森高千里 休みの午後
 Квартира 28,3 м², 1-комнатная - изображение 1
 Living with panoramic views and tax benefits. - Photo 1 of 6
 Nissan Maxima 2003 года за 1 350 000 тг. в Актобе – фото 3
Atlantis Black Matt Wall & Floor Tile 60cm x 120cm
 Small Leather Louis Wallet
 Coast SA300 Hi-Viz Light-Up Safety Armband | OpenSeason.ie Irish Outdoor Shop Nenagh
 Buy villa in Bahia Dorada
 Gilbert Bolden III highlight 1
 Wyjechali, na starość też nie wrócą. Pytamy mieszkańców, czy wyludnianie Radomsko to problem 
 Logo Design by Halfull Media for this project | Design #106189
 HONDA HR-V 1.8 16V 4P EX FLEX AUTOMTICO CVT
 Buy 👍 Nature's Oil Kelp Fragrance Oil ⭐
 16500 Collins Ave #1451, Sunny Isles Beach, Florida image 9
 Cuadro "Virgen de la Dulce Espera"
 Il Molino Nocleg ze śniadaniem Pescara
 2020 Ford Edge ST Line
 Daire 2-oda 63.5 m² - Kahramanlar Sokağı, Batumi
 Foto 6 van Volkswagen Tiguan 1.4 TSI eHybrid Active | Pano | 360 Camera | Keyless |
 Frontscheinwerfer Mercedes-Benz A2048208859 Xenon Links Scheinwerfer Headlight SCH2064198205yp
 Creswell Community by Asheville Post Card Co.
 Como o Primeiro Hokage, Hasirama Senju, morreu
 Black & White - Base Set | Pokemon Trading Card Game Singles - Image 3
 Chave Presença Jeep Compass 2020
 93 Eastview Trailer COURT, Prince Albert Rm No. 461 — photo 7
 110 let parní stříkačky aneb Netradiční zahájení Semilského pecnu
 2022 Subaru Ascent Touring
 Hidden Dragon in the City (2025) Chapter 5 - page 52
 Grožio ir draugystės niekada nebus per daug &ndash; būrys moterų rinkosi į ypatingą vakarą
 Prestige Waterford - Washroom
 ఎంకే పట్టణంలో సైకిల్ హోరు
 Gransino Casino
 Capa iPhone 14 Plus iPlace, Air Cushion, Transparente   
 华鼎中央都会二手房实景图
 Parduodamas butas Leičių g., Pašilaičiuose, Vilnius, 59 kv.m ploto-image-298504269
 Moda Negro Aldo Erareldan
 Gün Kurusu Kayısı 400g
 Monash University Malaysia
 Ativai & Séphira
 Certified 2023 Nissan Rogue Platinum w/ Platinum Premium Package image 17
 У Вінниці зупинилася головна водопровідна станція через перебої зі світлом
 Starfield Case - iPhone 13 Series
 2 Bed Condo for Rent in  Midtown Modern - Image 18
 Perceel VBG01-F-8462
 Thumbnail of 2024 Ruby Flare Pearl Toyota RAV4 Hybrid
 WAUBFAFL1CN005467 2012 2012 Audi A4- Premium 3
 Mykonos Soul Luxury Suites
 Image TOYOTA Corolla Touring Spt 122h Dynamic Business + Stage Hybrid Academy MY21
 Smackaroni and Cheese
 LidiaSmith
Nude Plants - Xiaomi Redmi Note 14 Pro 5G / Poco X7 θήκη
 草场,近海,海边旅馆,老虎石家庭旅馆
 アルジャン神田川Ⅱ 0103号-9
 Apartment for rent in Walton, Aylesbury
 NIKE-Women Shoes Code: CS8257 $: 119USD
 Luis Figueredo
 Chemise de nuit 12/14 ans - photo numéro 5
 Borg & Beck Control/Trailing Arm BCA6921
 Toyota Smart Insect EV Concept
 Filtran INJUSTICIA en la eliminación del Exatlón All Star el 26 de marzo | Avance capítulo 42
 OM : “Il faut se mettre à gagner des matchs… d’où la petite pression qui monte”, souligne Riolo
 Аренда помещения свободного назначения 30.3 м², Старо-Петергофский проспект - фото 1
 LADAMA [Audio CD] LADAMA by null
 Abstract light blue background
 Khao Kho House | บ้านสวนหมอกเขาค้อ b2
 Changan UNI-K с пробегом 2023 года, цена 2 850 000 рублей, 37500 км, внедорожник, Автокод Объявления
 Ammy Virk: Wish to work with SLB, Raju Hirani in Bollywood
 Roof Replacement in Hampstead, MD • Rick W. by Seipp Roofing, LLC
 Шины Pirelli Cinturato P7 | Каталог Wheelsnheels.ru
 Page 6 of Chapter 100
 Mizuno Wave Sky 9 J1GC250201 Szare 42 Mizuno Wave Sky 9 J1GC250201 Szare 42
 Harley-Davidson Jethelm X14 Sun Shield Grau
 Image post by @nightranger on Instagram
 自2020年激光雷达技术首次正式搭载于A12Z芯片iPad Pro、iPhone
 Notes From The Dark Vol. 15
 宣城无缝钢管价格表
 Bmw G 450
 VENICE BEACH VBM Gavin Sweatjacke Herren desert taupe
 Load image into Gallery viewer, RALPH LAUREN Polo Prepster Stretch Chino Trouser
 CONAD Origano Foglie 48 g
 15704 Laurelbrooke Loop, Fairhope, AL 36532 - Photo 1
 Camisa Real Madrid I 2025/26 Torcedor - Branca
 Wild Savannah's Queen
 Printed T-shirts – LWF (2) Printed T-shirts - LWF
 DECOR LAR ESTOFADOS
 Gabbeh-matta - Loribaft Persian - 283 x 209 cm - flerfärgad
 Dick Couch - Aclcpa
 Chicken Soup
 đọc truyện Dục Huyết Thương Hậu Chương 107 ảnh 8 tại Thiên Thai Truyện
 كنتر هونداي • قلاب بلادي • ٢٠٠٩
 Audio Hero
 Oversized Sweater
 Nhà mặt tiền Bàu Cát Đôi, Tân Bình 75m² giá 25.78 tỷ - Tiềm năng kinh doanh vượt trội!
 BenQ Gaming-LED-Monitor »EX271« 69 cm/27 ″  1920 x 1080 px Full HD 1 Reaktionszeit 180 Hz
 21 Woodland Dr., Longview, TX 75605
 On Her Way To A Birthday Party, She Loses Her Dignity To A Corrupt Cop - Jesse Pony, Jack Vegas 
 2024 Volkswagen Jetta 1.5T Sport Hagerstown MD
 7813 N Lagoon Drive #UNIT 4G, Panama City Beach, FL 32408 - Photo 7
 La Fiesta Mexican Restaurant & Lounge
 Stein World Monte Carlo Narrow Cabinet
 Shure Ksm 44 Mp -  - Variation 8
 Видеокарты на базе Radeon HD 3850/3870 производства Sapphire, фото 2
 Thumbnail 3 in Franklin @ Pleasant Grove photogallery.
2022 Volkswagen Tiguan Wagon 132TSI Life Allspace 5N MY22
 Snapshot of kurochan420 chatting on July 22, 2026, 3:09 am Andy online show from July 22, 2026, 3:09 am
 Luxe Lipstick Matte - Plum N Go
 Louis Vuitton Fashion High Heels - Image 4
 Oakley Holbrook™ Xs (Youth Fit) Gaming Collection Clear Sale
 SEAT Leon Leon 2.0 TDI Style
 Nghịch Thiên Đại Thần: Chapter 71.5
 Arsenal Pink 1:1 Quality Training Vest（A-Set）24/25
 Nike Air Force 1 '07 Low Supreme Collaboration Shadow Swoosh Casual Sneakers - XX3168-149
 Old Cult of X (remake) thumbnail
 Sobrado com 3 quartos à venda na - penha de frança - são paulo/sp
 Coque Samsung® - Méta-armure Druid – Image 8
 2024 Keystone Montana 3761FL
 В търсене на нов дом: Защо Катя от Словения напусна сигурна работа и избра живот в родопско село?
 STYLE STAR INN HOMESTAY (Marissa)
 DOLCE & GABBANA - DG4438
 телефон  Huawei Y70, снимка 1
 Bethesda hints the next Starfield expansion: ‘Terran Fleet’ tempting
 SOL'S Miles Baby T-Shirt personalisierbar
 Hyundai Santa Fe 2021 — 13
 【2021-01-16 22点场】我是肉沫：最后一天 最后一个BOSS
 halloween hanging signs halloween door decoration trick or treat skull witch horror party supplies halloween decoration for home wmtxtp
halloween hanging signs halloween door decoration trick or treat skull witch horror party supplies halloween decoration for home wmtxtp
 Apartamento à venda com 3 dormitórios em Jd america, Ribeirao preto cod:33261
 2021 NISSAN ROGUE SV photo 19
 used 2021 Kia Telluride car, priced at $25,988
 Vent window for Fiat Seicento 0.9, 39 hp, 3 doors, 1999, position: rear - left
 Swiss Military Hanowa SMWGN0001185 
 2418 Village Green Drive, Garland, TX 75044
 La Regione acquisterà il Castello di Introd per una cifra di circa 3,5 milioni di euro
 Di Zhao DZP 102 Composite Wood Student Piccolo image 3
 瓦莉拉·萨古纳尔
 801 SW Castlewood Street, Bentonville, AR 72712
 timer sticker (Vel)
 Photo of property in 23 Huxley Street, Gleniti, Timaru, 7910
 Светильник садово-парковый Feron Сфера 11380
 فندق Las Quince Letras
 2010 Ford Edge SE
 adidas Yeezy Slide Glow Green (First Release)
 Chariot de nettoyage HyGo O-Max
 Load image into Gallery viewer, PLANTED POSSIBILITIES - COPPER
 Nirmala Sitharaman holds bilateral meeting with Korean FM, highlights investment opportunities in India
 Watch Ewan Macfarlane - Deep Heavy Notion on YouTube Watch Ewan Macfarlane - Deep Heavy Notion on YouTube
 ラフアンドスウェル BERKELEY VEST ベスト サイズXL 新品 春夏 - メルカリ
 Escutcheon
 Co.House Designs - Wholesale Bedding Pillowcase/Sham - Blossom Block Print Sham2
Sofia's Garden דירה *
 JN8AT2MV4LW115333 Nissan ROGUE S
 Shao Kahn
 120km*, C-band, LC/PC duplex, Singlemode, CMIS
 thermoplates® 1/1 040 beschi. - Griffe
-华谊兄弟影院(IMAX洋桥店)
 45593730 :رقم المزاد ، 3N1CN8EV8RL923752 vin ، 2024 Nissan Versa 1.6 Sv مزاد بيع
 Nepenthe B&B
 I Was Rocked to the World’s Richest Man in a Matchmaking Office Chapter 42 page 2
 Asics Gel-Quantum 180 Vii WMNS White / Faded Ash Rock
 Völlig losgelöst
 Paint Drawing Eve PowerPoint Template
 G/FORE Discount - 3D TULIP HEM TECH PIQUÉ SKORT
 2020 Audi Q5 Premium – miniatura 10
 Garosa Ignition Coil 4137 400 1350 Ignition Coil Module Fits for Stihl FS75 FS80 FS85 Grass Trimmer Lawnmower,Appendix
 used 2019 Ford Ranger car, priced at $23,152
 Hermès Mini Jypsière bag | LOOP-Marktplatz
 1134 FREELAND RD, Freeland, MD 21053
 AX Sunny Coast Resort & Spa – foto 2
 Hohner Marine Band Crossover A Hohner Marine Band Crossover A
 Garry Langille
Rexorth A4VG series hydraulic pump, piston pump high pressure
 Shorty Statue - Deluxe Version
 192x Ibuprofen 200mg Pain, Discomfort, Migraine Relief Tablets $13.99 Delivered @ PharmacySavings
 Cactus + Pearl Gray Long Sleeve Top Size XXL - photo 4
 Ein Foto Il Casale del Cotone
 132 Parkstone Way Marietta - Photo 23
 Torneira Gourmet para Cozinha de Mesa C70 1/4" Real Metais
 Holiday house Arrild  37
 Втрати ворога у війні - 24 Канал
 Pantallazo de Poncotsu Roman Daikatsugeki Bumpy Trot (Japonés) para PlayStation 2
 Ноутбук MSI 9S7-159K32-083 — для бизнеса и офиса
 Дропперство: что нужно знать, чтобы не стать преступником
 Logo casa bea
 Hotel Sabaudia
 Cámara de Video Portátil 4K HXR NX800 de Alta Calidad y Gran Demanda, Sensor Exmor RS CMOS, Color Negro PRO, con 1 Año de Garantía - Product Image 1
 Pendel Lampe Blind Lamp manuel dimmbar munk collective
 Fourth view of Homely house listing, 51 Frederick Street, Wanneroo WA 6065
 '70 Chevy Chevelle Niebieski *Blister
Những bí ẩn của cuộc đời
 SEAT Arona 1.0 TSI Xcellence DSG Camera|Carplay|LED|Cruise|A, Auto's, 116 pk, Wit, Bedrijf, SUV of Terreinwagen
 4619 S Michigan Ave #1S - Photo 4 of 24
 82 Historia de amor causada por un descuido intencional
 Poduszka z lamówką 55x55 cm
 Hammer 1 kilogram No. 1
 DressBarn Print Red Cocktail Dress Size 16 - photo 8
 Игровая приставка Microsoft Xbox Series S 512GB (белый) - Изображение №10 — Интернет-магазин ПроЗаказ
——
**Problem details**
All lines of the entries above where "White" turns up should be reported.

**Response to this exercise**
 Black & White - Base Set | Pokemon Trading Card Game Singles - Image 3
 Asics Gel-Quantum 180 Vii WMNS White / Faded Ash Rock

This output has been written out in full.